Task instructions
Below is a block of entries, which should be copied verbatim apart from the pictures.

── Records for the task

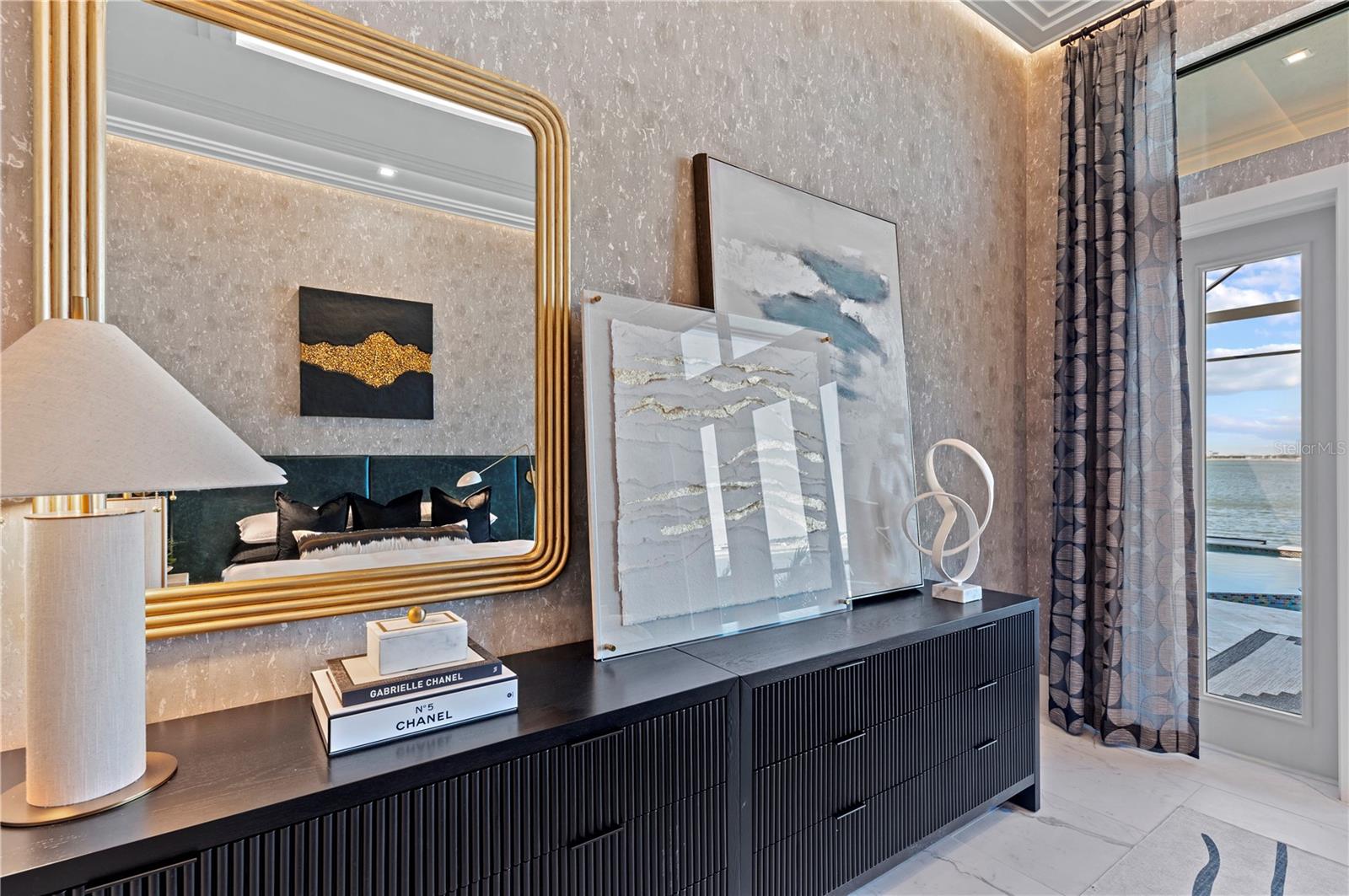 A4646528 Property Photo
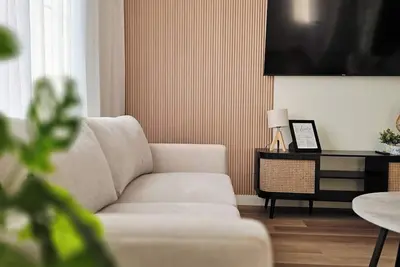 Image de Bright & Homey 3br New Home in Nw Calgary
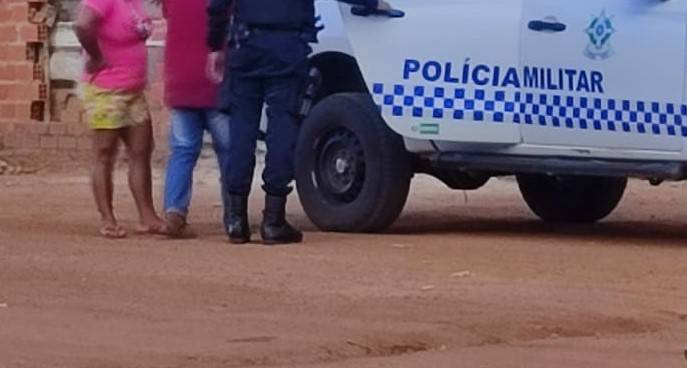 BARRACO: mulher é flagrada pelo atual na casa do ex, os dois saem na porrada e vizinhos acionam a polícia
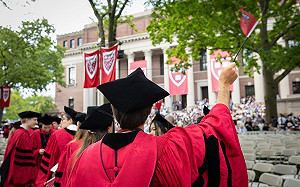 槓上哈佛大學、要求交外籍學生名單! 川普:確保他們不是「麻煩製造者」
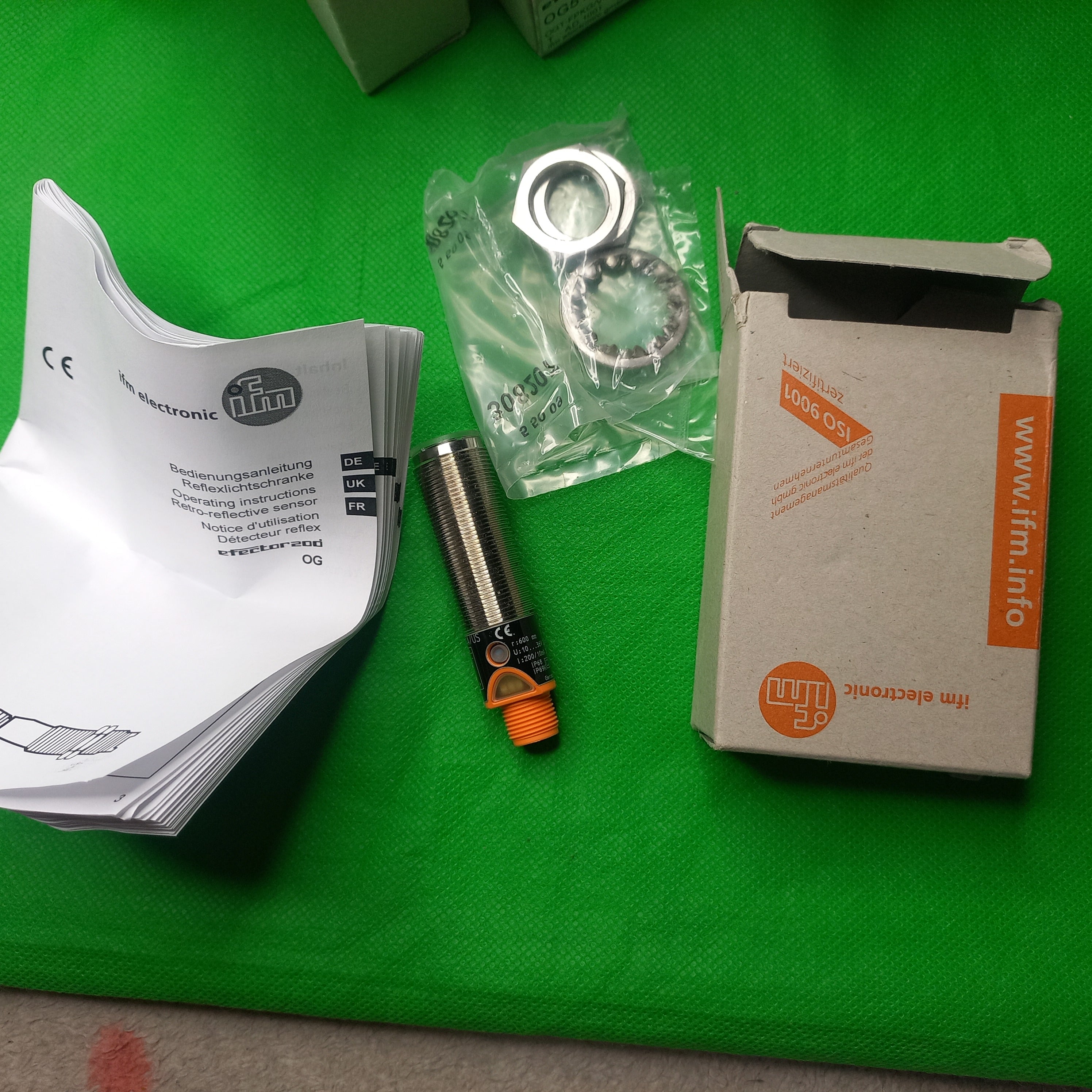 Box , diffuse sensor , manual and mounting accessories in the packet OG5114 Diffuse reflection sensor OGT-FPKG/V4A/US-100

────

Answer to the exercise
 A4646528 Property Photo
 Image de Bright & Homey 3br New Home in Nw Calgary
 BARRACO: mulher é flagrada pelo atual na casa do ex, os dois saem na porrada e vizinhos acionam a polícia
 槓上哈佛大學、要求交外籍學生名單! 川普:確保他們不是「麻煩製造者」
 Box , diffuse sensor , manual and mounting accessories in the packet OG5114 Diffuse reflection sensor OGT-FPKG/V4A/US-100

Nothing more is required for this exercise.